Pre or Post ride..:thumbsup:


----------



## Svard75 (Sep 15, 2010)

I'm lactose intolerant so I use:

2 scoops of Rice protien
1.5 scoops of Douglas Labs Pro PCA fuel
1 banana
1 cup blueberries/strawberries or any frozen fruits
1 cup filtered water
1/4 cup quick oats
2 tbls of ground flax seed or chia seeds
Blend and drink while feasting on not more than 12 almonds

This is my breakfast most days and after a good workout. Just prior I prefer my home made Muesli hot cereal with frozen fruits and almond milk.

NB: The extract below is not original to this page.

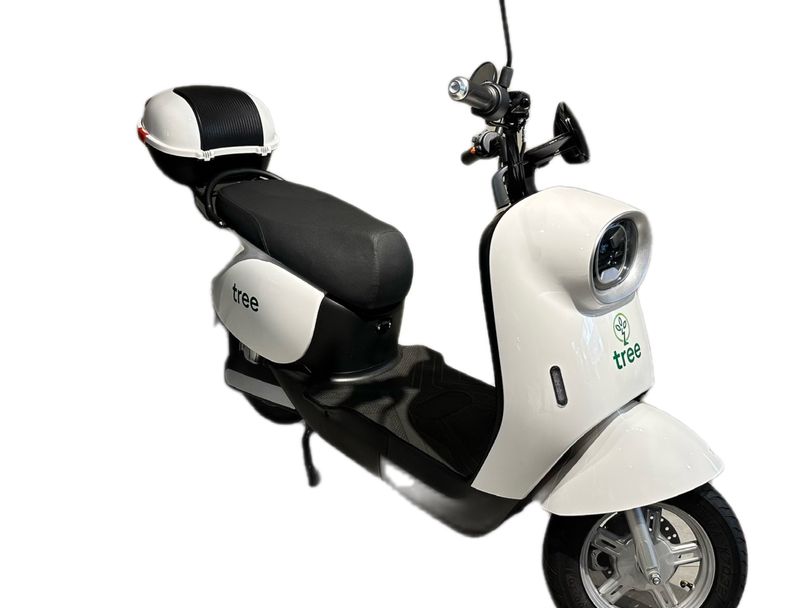 TREE AUTOPROPELIDO MOTORINO 1000W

Cheers to quality long life everyone!


----------



## FortOrdDirt (Apr 7, 2008)

anyone using steel cut oats for this? I feel like rolled oats are probably ideal, but im sitting on a huge tub of steel cut right now.


----------



## Svard75 (Sep 15, 2010)

FortOrdDirt said:


> anyone using steel cut oats for this? I feel like rolled oats are probably ideal, but im sitting on a huge tub of steel cut right now.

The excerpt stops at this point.